76. Issue No. 17 relates as to whether the defendants action in recovering FSD to a tune of Rs. 24,83,000/- from the bills due to the plaintiff is valid. The defendants recovered 5% amount from the monthly

interim bills due to the contractor towards retention money (FSD). These amounts are to be paid to the plaintiff on completion of the work as per clause 26. As the contract has come to an end the plaintiff is entitled for retention of money outstanding to his account. According to the plaintiff the action of the defendants in recovering Rs.24,83,000/- from the bills due towards FSD is not valid. The Court below held that when the contract came to an end, the plaintiff is entitled to recover the said amount and accordingly held this issue in favour of the plaintiff.

77. Issue No. 18 relates as to what relief. On this issue, the Court below held that the plaintiff is entitled to recover a sum of Rs.4,37,95,369/- from the defendants and accordingly passed the decree for recovery of the same amount with proportionate costs and future interest at 15% p.a. from the date of filing of the suit till the date of payment. The Trial Court also held that the Spl. G.P. is entitled to the fee as per rules.

78. Before considering the correctness of the reasoning adopted by the trial Court in decreeing the suit in pat and disallowing certain claims of the plaintiff, first it is proper to consider the legal contention raised by the learned Advocate General appearing for; the defendants about the maintainability of the suit. The main ground of attack by the learned Advocate General regarding the maintainability of the suit is that the suit filed against the Government is not maintainable in the absence of notice under Section 80, CPC. He further contended that when the proceedings initiated under the Arbitration Act were converted into a suit by virtue of amendment, there should have been a notice to the defendants and non-compliance of the same vitiated the entire proceedings and as such the suit itself liable to be dismissed.
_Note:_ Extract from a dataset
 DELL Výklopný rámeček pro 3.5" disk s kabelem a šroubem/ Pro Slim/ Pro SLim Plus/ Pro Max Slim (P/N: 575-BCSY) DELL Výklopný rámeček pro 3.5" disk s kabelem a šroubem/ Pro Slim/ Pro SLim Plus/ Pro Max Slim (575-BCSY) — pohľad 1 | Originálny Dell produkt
79. Against these contentions,

Mr. S.R. Ashok, learned Counsel appearing for the plaintiff submitted that the contention now raised by the learned Advocate General is not sustainable for the reasons that the State was quite aware of the initiation of proceedings under the Arbitration Act and then converting the same into suit pursuant to the orders passed in CMA No.526/92. When amendment was sought to convert the proceedings under the Arbitration Act to original proceedings, no objection was raised by the defendants and no plea about the maintainability of the suit was taken in the written statement and the additional written statement filed after the amendment. He further contended that when several issues were framed by the Trial Court, the issue as to the maintainability of the suit was not framed. Both the parties understood the scope of the suit, effect of non-issuing notice under Section 80 of CPC and went to the witness box. Further, when the parties have waived certain issues and participated in the proceedings, they are not permitted to raise such an issue subsequently. In support of his contentions, Mr. Ashok placed reliance on several decisions of High Courts and the Supreme Court. In Puma Chandra Sarkar v. Radharani Dassys, AIR 1931 Calcutta 175, the Calcutta High Court while dealing with Section 80 of CPC held as follows:

“The plea of want of notice under Section 80, CPC, which is a clear bar to the institution of proceedings against public officer must be taken at the earliest possible opportunity and must be specifically pleaded. Where such a plea is taken by the defendant at a very late stage of the suit and at a time when the plaintiff would be precluded by the law of limitation from bringing a further suit against the defendant, the defendant must be deemed to have waived the privilege of notice.”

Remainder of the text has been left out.